Жизнь Арцеулова | страница 29



Автор просит извинения у читателей за вынужденное вторжение в так называемую чистую технику. Если даже не все в этом отступлении окажется до конца понятным, важно, чтобы читатель почувствовал, насколько неожиданными, парадоксальными, противоестественными должны были показаться соображения Арцеулова его коллегам — авиаторам того времени.

Великое личное мужество проявил Арцеулов в день, к которому приближается наш рассказ.

Но этому предшествовало проявленное им другое, пожалуй, не менее редкое свойство: смелость мысли! Умение оторваться от господствующих канонов, от связывающего по рукам и ногам «все так думают»…

В то ясное осеннее утро учебные полёты на аэродроме Севастопольской школы были закончены рано. Лётчик-инструктор Арцеулов сел в свой «Ньюпор-XXI», осмотрелся в кабине, надел привязные ремни и дал команду: «К запуску».

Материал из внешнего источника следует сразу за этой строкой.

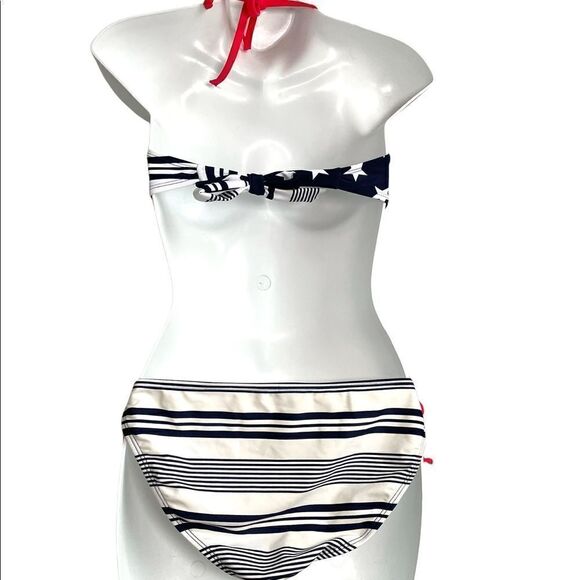 Old Navy Stars Stripes Bikini Set Junior Medium Red White Blue Summer Re… - Picture 2 of 14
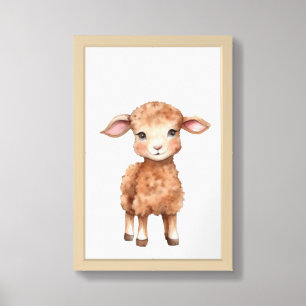 Farm Nursery Room Décor Lamb Framed Art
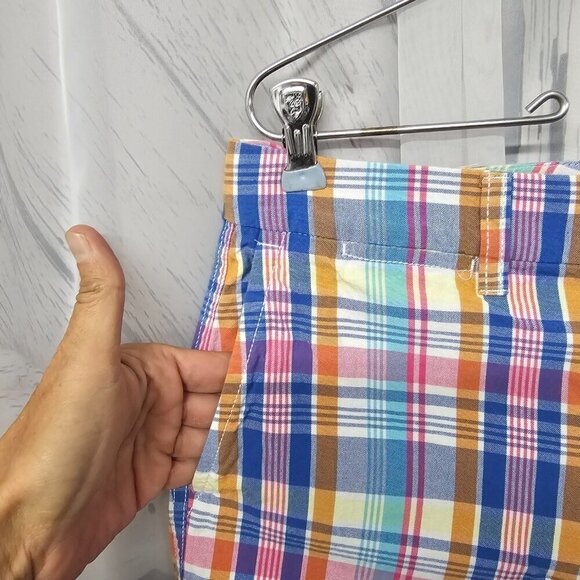 J. Crew Chino Blue Pink Plaid Shorts Preppy Classic Country Club Size 4 - Picture 2 of 10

Минуту спустя самолёт разбежался — и ушёл в воздух. Полет, который потом справедливо назвали историческим, начался.

Живой рассказ об этом полёте, так сказать, из уст первоисточника, мы можем послушать — каждый раз с глубоким волнением — и сегодня в фильме «Дорога в облаках». Константин Константинович говорит с экрана. Говорит спокойно, без пафоса (хотя, честное слово, если бы даже и присутствовал в этом рассказе пафос, язык не повернулся бы назвать его ложным).

"Самолёт легко поднимается. Я набрал около двух тысяч метров высоты. Собственно говоря, фигурные полёты у нас производились на тысяче восьмистах метров, но, думаю, лишние двести метров, конечно, не помешают. Дальше от земли быть в таких случаях всегда приятно… Сделал вираж, такой круг, чтобы ещё раз вспомнить все свои приёмы, которые, я предполагал[5] , выведут самолёт из штопора. Потом сбавил газ по возможности, чтобы потерять скорость, задрал самолёт, выключил мотор — самолёт закачался. И достаточно было немножко тронуть одной ногой, как самолёт свалился на левое крыло — и завертелся в штопоре".

Итак, Рубикон перейдён. Самолёт — в штопоре. Обратного пути больше нет. Одно из двух: или умозрительные предположения лётчика оправдаются, или… Третьего не дано.

В беседе с космонавтом В.А. Джанибековым Константин Константинович дополнил свой рассказ несколькими подробностями: «Было очень тихо. Только свист ветра в расчалках, и все предметы на земле сливаются в опрокинутый конус, у вершины которого мелькает здание школы. На ручке управления исчезает чувство опоры… Да что я вам все это рассказываю? Вы же лётчик. Сами все не раз испытывали…» Вообще-то это верно: и Джанибеков, и многие тысячи других лётчиков узнали ощущения в штопоре по собственному опыту. Но — узнали потом. После Арцеулова. Узнали, опираясь на опыт предшественников, первым из которых был он, Арцеулов.